Erst nachdem wir etliche Stockwerke erstiegen hatten, wurde uns eine Möglichkeit zur Umkehr geboten, die wir jedoch ausschlugen, weil wir zu diesem Zeitpunkt schon erheblich in den Aufstieg investiert hatten. Als brave Versuchskaninchen dachten wir gar nicht daran, das Experiment abzubrechen. Jeder Schritt, den wir durch das vertikale Labyrinth taten, war schließlich ein Schritt für die Wissenschaft –und die führte uns schließlich auf eine Aussichtsplattform in der Zwiebelhaube knapp unterhalb der Sauerstoffgrenze.



In allen Fensternischen steckten Wandersleute in Kniebundhosen und filmten Alpengipfel ab, sodass uns ein Blick in die Tiefe erspart blieb. Wir machten schließlich ein Selfie vor ihren Hosenböden.



Den Abstieg haben unsere Psychen aus der Erinnerung gestrichen. Ich erinnere mich jedoch an einen korpulenten Mann, der sein Eurostück gerade ins Drehkreuz werfen wollte, als wir wieder festen Boden unter die Füße bekamen. Ein weißes Kollar wies ihn als Kleriker aus und ein Trommelbauch in Kesselpaukengröße als ungeeignet für enge Stiegen.



Augenblick fühlte ich mich in ein moralisches Dilemma gestoßen, das die Philosophin Judith Jarvis Thomson nicht bedacht hatte, als sie die Sozialpsychologie um das „fat man“-Problem bereicherte, bei dem man einen Dicken von einer Brücke stürzen kann, um fünf andere zu retten.

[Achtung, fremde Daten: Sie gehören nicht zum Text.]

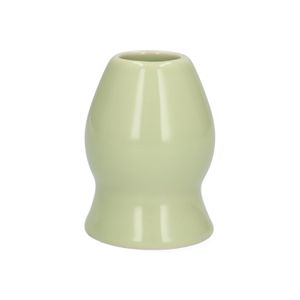 Matcha-Besenhalter, Steingut, reaktive Glasur, grün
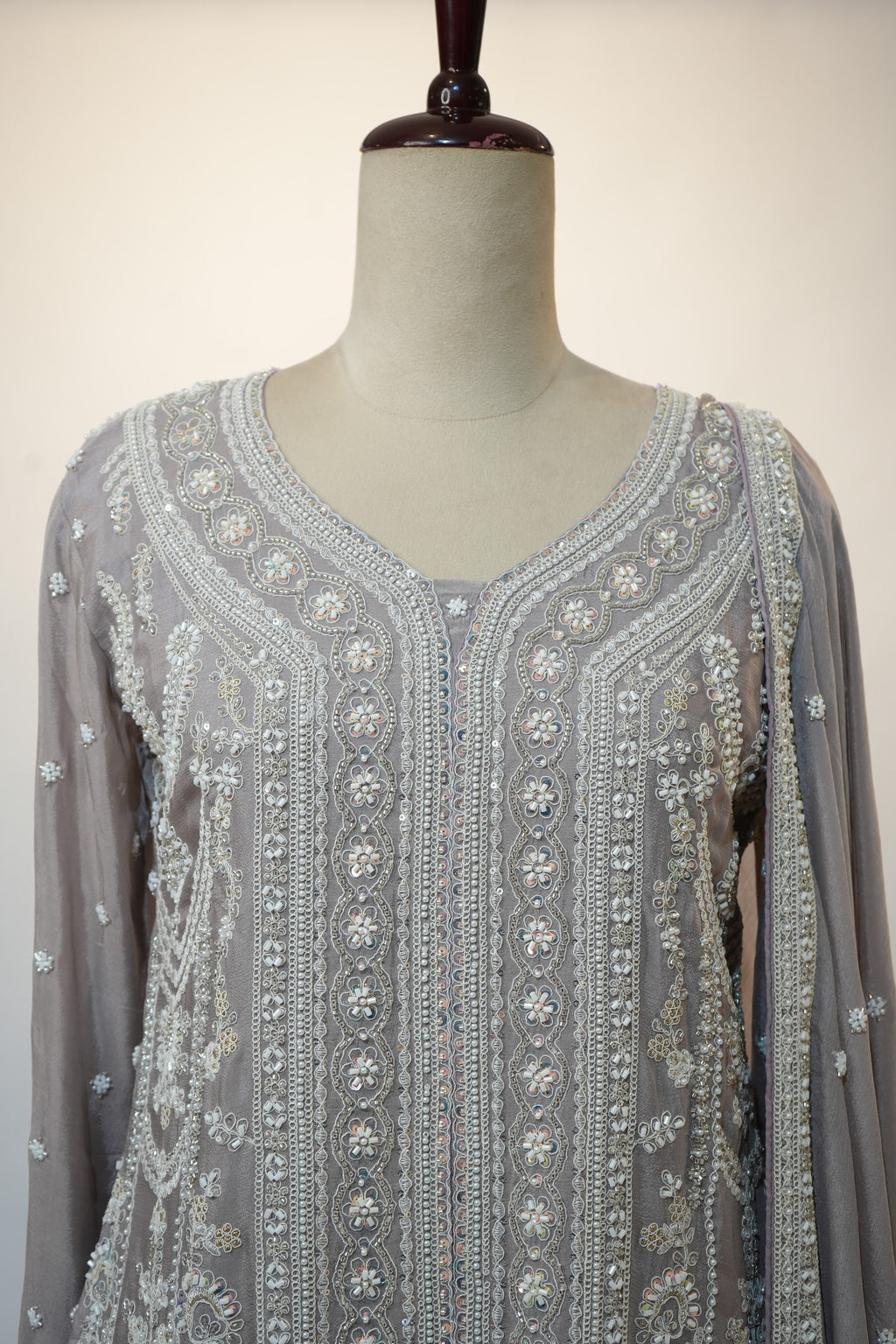 Silver Grey Chikankari Embroidered Sharara Set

Was, wenn man den Dicken schon vor dem Aufstieg in tödliche Höhen warnen könnte, aber nicht die richtigen Worte findet? Ich jedenfalls fand keine, die ohne Hinweis auf seine Leibesfülle ausgekommen wären – und so ließ ich ihn schlechten Gewissens passieren.



Es war meine Freundin, der eine diskrete Warnung einfiel. Aber das war Stunden später, nachdem wir uns im Biergarten mit Doppelböcken versehentlich bibelfest getrunken hatten. „Markus 10,25“, sagte sie. Ich nickte wissend. „Eher geht ein Kamel ins Himmelreich als ein Pummelpope durchs Andechser Nadelöhr“, sagte ich. Auf dem Heimweg wollten wir den Warn-Vers auf die Wand neben dem Drehkreuz schreiben, aber da war der Versuchsturm schon geschlossen. Aus der Höhe glaubten wir, das Flehen des feststeckenden Pummelpopen zu hören, aber das kann auch das katholische Bier gewesen sein, das in unseren Köpfen rauschte.

Christian Bartel ist Höhenskeptiker und Bierliebhaber. Bayern gefällt ihm besser, als er zugeben möchte.